PROBLEM REQUIREMENTS:
From the data, return each line holding the word "house".

WORKING DATA:
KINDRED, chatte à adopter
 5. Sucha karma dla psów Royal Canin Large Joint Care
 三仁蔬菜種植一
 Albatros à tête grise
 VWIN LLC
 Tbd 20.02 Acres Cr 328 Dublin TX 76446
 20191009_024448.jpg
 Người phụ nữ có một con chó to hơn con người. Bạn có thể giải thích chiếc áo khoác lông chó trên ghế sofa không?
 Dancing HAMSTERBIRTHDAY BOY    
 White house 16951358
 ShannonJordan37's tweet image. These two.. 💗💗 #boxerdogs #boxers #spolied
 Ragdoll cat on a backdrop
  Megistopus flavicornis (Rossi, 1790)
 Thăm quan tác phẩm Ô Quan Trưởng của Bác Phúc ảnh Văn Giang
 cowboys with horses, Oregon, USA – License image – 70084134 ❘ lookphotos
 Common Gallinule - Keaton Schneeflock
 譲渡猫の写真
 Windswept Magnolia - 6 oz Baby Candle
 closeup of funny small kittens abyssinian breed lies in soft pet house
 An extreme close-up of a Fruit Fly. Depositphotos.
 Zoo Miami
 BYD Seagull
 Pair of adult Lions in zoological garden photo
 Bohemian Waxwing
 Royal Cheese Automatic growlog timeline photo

ANSWER TO THIS EXERCISE:
 White house 16951358
 closeup of funny small kittens abyssinian breed lies in soft pet house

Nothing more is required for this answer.